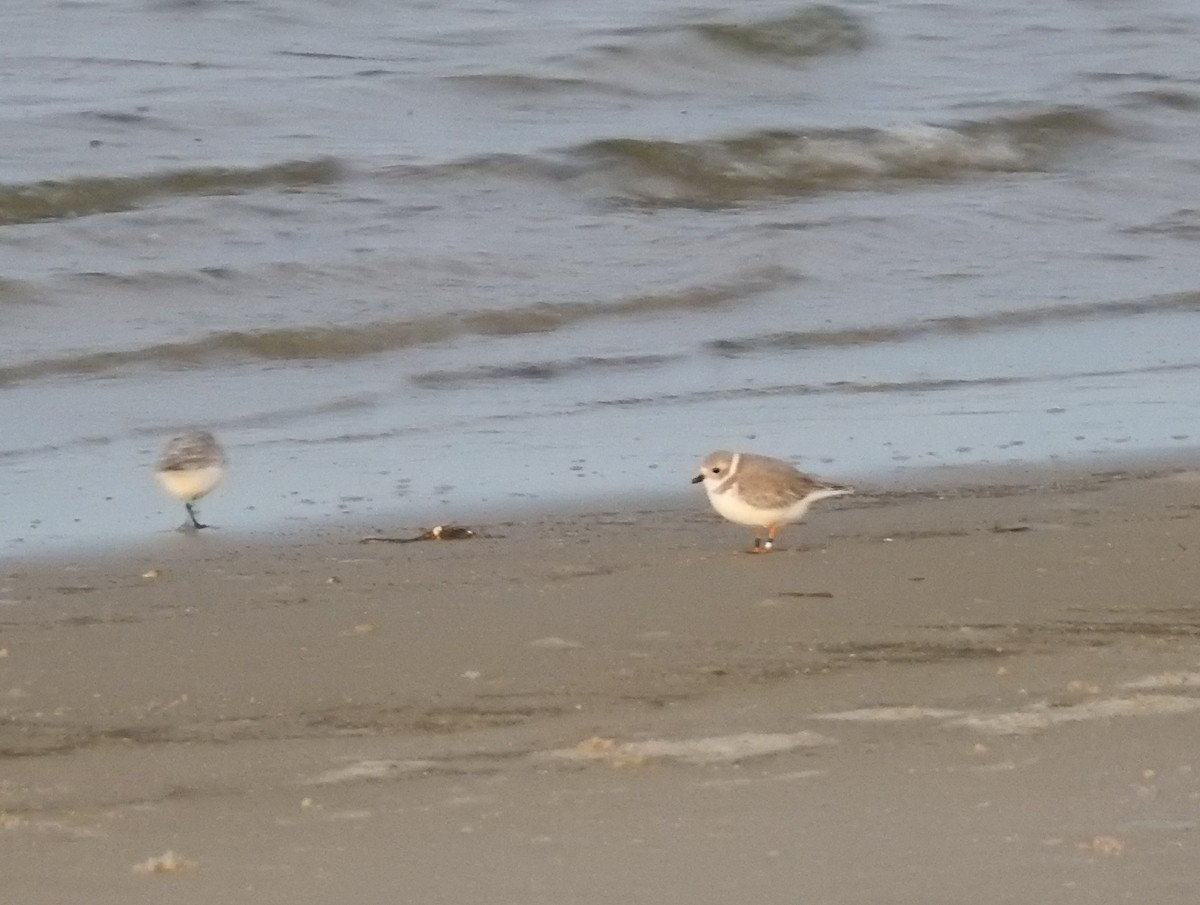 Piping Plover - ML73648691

* * *

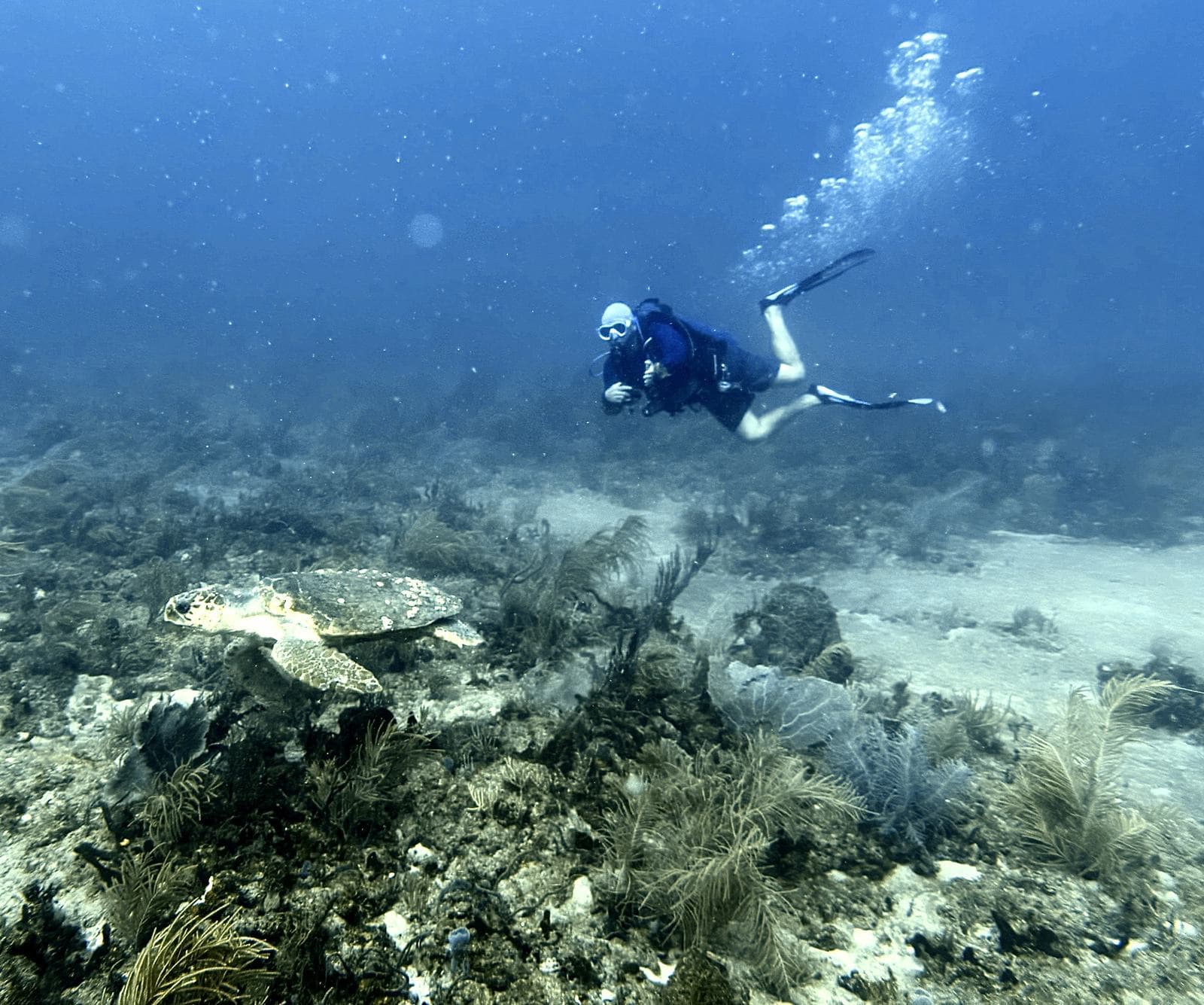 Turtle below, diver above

* * *

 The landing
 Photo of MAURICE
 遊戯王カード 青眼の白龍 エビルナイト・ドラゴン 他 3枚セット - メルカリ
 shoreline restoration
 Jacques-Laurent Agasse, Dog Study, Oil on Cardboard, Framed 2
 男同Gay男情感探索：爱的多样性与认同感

* _ASSIGNMENT_: Above are some lines. Repeat exactly, and only, those from the line that has "The landing" through the line that has "男同Gay男情感探索：爱的多样性与认同感".

* _EXPECTED OUTPUT_:
 The landing
 Photo of MAURICE
 遊戯王カード 青眼の白龍 エビルナイト・ドラゴン 他 3枚セット - メルカリ
 shoreline restoration
 Jacques-Laurent Agasse, Dog Study, Oil on Cardboard, Framed 2
 男同Gay男情感探索：爱的多样性与认同感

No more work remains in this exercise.